• [Information supplied]:
Content starts

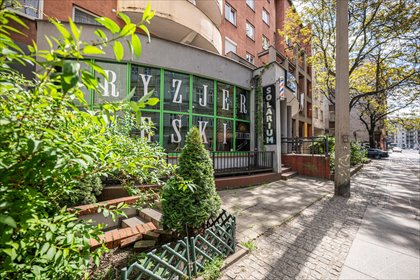 lokal użytkowy na sprzedaż 147m2 lokal użytkowy Wrocław, Śródmieście, Nadodrze, Poniatowskiego Józefa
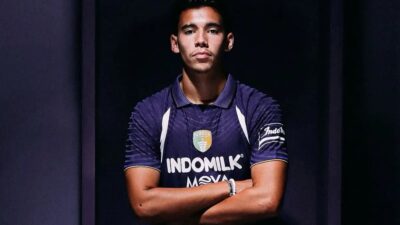 Dion Markx Bergabung dengan Persita Tangerang: Melangkah Keluar dari Zona Nyaman Dion Markx Bergabung dengan Persita Tangerang: Melangkah Keluar dari Zona Nyaman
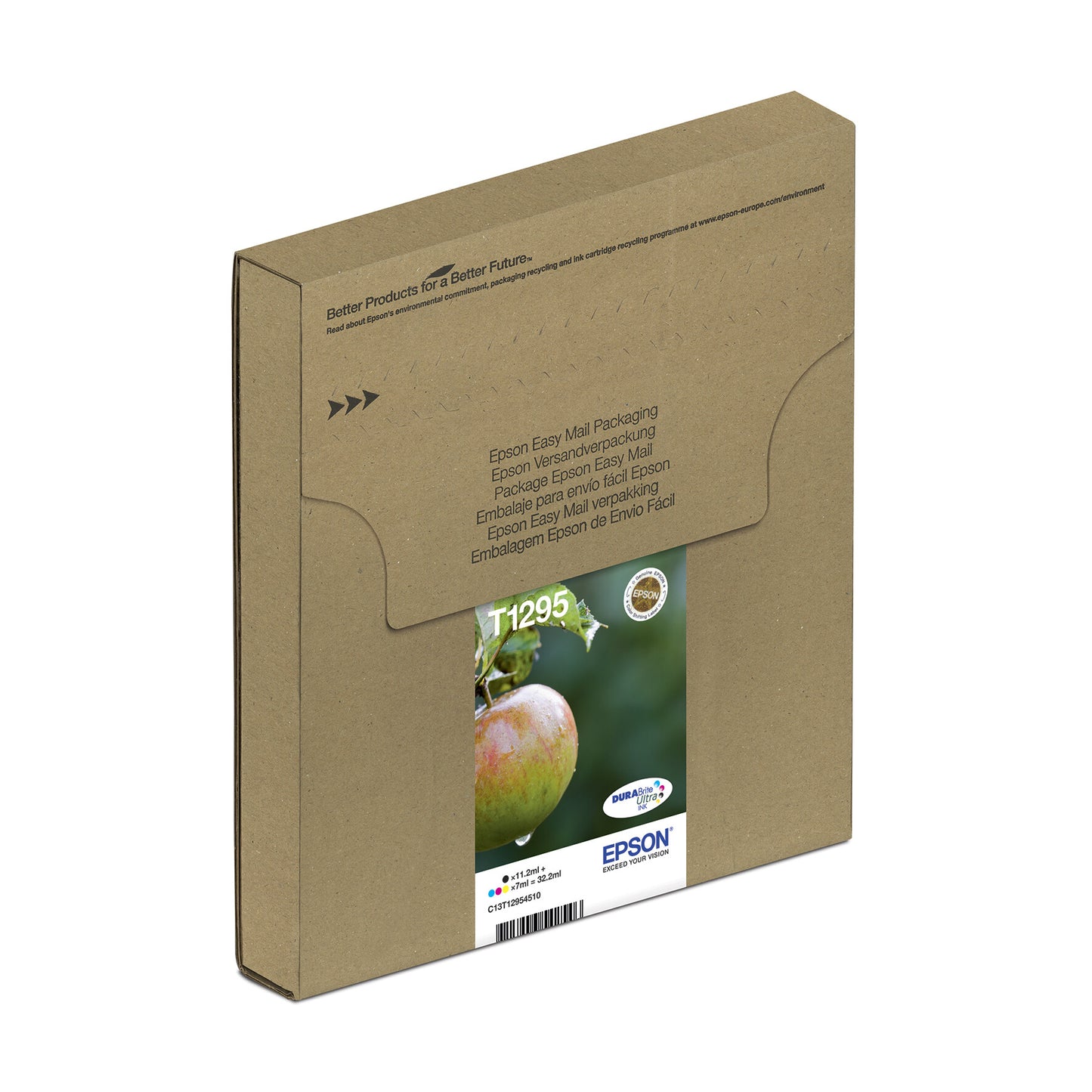Epson Apple T129 DURABrite Ultra Multipack 4-colours EasyMail Ink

Content ends

• [What to do]: Omit every picture while printing the data word for word.

• [Problem solution]:
 lokal użytkowy na sprzedaż 147m2 lokal użytkowy Wrocław, Śródmieście, Nadodrze, Poniatowskiego Józefa
 Dion Markx Bergabung dengan Persita Tangerang: Melangkah Keluar dari Zona Nyaman Dion Markx Bergabung dengan Persita Tangerang: Melangkah Keluar dari Zona Nyaman
Epson Apple T129 DURABrite Ultra Multipack 4-colours EasyMail Ink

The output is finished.